At both the state and national level, then, the two coalitions are aiming for a mix of daring on offense, fortitude on defense and ruthless counterattacks whenever possible. The goal is to simultaneously maximize the opportunities presented to one’s own side and punish the other party for trying to do the same.

That’s obviously what the organizers of the recall hoped to do to Walker – to punish his union busting and spending cuts as thoroughly as House Democrats were punished in the 2010 mid-term elections for the votes they cast on the health care bill and the stimulus. The fact that the labor unions and liberal activists failed where the Tea Party largely succeeded sends a very different message, though: It tells officeholders that it’s safer to take on left-wing interest groups than conservative ones (the right outraised and outspent the left by a huge margin in the recall election), safer to cut government than to increase revenue, safer to face down irate public sector employees than irate taxpayers.

A similar message is currently being telegraphed by the respective postures of the two parties in Washington. The House Republicans have spent the past two years taking tough votes on entitlement reform, preparing themselves for an ambitious offensive should 2012 deliver the opportunity to cast those same votes and have them count. The Senate Democrats, on the other hand, have failed to even pass a budget: There is no Democratic equivalent of Paul Ryan’s fiscal blueprint, no Democratic plan to swallow hard and raise middle class taxes the way Republicans look poised to swallow hard and overhaul Medicare.

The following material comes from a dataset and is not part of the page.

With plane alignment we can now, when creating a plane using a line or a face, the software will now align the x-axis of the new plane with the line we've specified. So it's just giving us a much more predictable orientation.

Indeed, there’s no liberal agenda to speak of at the moment, beyond a resounding “No!” to whatever conservatism intends to do.

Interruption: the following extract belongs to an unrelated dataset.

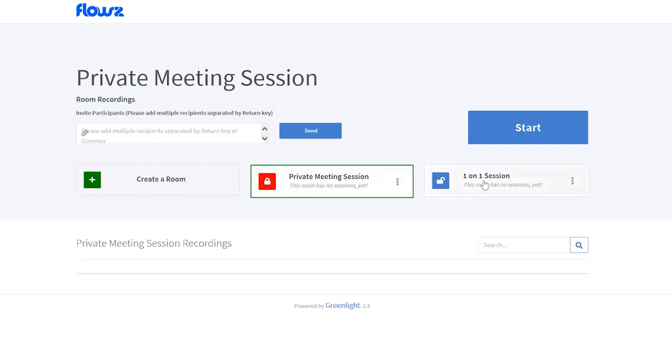And that's how you Flows it. In my next video, I will show you how to schedule a meeting. Thank you.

That “No!” might still be enough to win Barack Obama re-election. But November 2012 will just be one battle in a longer war, and the outcome in Wisconsin suggests that the edge in that war currently (and to some extent unexpectedly, given the demographic trends that favor the left) belongs to a limited government conservatism. The Democrats threw almost everything they had at Scott Walker, and it wasn’t nearly enough. And when you fail in what is essentially a defensive campaign, it makes it that much more difficult to get back on offense.